Plaintiff seeks a declaratory judgment declaring that it is not obligated to defend or indemnify defendant Neil Kemp, its insured under a homeowner's policy, in a personal injury action by a third party against Kemp and others. Plaintiff contends that there is no coverage under its policy since the complaint in the personal injury action seeks to recover damages for intentional tort, which is excluded under the terms of plaintiff's policy. In addition to a cause of action based upon intentional assault, however, the complaint in the personal injury action against Kemp also alleges a cause of action sounding in negligence. Specifically, it is alleged that "Kemp was engaged in an effort to ward off and defend against force and violence being directed against him by persons other than the Plaintiff when he negligently, mistakenly, carelessly, recklessly and wantoly [sic] hit, struck, beat and assaulted the Plaintiff".
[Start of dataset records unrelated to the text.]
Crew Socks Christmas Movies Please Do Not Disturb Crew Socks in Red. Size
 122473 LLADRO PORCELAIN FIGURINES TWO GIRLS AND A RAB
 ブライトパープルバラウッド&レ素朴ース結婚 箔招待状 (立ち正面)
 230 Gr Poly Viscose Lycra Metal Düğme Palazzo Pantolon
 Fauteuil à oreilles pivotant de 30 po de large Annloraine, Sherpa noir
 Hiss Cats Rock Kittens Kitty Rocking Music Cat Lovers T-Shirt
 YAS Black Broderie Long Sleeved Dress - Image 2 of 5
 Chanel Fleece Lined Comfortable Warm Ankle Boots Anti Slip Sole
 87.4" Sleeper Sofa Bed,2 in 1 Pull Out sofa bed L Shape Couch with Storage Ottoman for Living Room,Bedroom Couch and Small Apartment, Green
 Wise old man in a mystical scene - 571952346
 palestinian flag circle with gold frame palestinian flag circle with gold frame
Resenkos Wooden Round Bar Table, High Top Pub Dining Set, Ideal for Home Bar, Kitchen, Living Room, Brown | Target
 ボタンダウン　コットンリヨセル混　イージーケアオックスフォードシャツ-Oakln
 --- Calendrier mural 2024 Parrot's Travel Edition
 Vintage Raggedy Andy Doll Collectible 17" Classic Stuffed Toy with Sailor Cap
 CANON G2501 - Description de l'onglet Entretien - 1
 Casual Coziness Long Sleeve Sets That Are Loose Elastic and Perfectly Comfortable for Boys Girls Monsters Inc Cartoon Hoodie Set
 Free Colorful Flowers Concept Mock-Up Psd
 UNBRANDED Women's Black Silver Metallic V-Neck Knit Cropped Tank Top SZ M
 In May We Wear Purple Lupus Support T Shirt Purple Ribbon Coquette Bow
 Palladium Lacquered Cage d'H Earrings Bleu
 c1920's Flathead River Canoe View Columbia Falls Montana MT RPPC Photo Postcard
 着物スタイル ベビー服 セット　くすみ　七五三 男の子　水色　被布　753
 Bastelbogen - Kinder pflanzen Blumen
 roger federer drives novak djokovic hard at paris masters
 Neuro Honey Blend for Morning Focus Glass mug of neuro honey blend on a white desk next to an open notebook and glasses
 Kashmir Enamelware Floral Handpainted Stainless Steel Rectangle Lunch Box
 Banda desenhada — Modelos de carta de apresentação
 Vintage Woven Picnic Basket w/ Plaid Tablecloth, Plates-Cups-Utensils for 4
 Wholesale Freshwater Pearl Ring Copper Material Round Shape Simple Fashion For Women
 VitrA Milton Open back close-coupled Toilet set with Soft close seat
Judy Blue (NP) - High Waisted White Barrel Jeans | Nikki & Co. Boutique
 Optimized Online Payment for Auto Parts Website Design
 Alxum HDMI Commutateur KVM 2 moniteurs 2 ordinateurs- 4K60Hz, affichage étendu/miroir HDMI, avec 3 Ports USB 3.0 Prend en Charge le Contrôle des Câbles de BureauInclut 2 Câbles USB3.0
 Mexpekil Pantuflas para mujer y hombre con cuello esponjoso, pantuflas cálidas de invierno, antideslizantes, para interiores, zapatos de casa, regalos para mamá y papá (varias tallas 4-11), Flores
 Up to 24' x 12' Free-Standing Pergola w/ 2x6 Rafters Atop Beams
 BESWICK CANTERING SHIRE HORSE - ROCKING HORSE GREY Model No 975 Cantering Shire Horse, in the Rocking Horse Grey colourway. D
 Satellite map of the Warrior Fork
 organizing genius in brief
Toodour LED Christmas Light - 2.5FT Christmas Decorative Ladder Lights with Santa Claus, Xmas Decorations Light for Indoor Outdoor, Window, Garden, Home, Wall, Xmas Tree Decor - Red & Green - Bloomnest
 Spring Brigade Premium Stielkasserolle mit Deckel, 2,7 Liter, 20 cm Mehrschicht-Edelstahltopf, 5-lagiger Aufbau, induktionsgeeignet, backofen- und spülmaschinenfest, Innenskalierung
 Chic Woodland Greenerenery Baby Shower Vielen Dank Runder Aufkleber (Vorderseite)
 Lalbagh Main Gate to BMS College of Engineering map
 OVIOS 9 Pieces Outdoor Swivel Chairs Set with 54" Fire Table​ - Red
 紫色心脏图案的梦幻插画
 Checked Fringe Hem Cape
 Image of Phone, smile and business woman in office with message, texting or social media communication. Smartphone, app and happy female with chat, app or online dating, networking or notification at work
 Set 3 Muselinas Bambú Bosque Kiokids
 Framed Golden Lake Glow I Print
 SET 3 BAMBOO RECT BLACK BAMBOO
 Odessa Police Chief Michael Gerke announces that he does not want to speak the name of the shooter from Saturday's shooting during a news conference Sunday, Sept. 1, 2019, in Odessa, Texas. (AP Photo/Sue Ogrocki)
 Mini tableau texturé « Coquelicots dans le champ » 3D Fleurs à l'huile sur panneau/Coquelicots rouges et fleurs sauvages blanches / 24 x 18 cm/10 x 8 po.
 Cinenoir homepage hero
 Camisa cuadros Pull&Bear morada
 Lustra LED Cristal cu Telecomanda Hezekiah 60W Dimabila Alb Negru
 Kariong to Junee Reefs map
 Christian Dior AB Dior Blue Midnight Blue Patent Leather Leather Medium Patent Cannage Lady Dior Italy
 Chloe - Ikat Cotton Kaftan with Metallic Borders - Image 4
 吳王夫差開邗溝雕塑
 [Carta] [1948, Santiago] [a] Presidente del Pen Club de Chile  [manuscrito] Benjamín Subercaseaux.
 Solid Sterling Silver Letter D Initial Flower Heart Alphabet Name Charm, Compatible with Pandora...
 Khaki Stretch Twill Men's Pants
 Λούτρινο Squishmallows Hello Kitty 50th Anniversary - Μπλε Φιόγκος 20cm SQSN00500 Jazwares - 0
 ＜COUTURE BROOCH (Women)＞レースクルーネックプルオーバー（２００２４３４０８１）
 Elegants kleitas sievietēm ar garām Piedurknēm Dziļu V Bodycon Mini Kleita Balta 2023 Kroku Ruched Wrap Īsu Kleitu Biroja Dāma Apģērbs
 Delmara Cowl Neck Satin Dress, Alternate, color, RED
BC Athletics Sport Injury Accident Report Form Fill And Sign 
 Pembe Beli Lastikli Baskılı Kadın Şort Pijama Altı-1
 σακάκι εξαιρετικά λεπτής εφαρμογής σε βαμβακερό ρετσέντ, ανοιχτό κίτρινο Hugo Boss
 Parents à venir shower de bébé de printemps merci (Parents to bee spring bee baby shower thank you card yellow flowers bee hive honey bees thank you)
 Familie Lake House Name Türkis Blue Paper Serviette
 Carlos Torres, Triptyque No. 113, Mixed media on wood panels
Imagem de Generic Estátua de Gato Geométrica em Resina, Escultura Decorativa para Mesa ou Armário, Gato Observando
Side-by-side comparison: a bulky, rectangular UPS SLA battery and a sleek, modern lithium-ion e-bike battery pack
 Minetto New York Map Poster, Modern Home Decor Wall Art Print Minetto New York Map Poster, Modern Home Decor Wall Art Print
"The general rule is that a declaratory judgment as to a carrier's obligation to indemnify may be granted in advance of trial of the underlying tort action only if it can be concluded as a matter of law that there is no possible factual or legal basis on which the insurer may eventually be held liable under its policy (First State Ins. Co. v. J S United Amusement Corp., 67 N.Y.2d 1044, 1046). Thus, we have granted declaratory relief to an insurer where the uncontradicted evidence conclusively established that a policy exclusion was applicable (Electric Ins. Co. v. Boutelle, 122 A.D.2d 332). However, in State Farm Fire Cas. Co. v. Joslyn ( 99 A.D.2d 631), a case which we find to be indistinguishable from the case at bar, we held that it would be premature to decide in a declaratory judgment action which of the different theories of liability advanced in the underlying tort action, intentional assault or negligence, will ultimately be proven. The question of the applicability of the holding of this court in Mazzaferro v. Albany Motel Enters. ( 127 A.D.2d 374, 376), where we adopted the view that there is no such thing as a negligent assault, must await further development of the record in the underlying personal injury action. Supreme Court's order should, therefore, be affirmed.
Order affirmed, with costs. Mahoney, P.J., Casey, Yesawich, Jr., Levine and Harvey, JJ., concur.